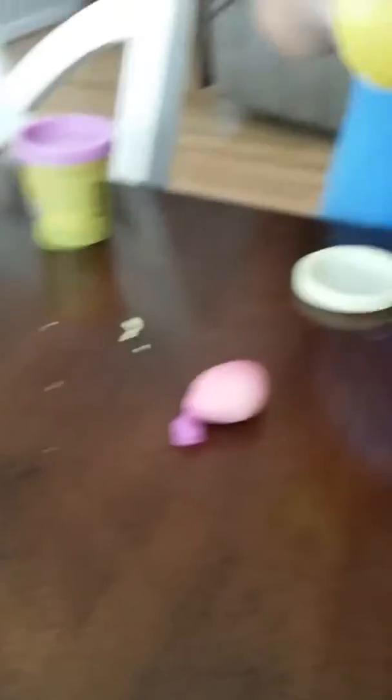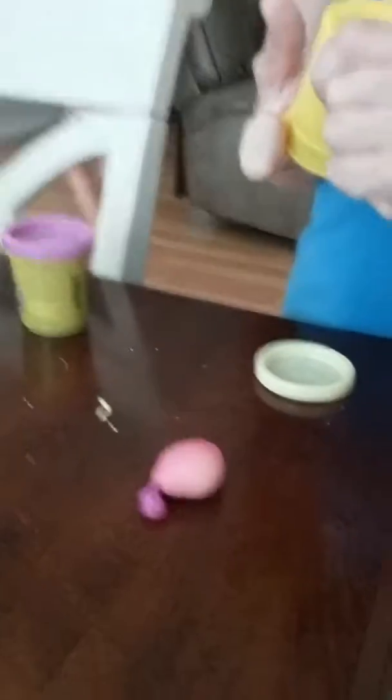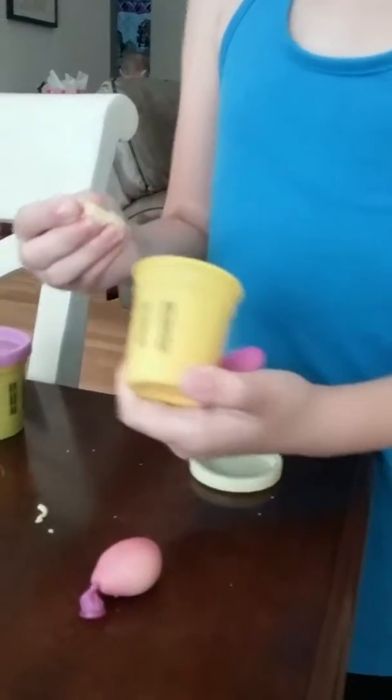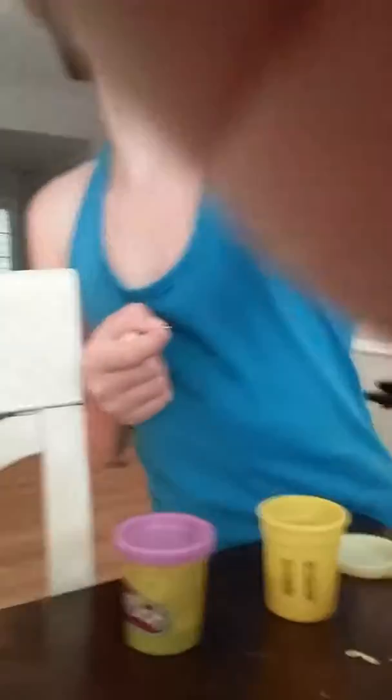You put out the play-doh, and then you put play-doh in. Your friend might need to help you, like right now — my friend needs to help me. It's really hard. We don't know if you can see, but yeah.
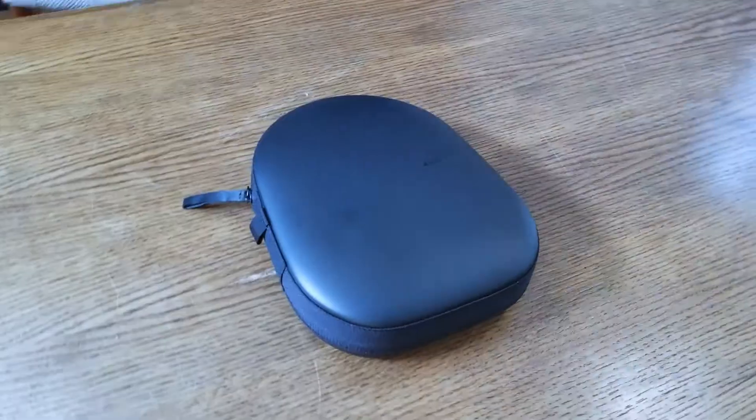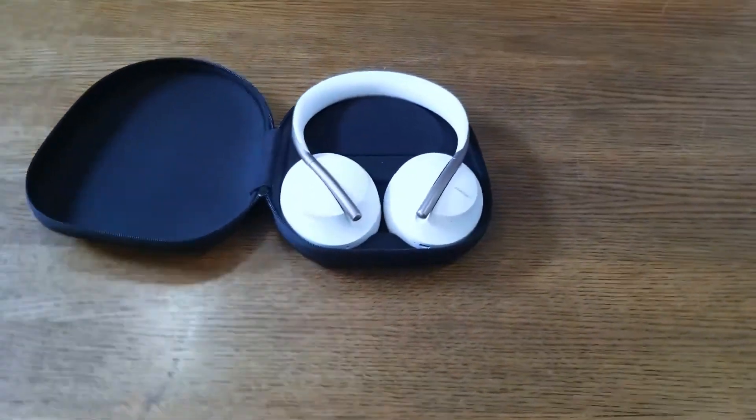They come in a traveling case, which is great. Their battery life is definitely one of the selling features of these headphones — they last like 14 hours of playtime. And if you run out of battery, you can still plug them into a traditional headphone jack to listen without noise canceling.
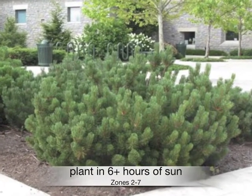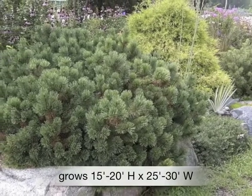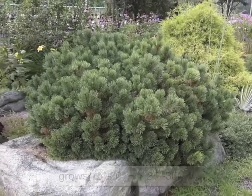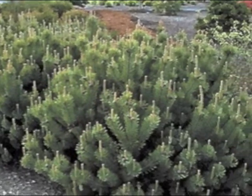Plant in at least 6 hours of sun in zones 2 through 7. Grows 15 to 20 feet high by 25 to 30 feet wide, and often gets larger than intended. Tolerates pruning or shearing. Also check out dwarf varieties.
# # #
* **Problem to work on**: What is needed is an exact copy of the lines from the one with "They come in" through the end of the data above, both included, minus any pictures.

* **Result for this task**:
They come in a traveling case, which is great. Their battery life is definitely one of the selling features of these headphones — they last like 14 hours of playtime. And if you run out of battery, you can still plug them into a traditional headphone jack to listen without noise canceling.
Plant in at least 6 hours of sun in zones 2 through 7. Grows 15 to 20 feet high by 25 to 30 feet wide, and often gets larger than intended. Tolerates pruning or shearing. Also check out dwarf varieties.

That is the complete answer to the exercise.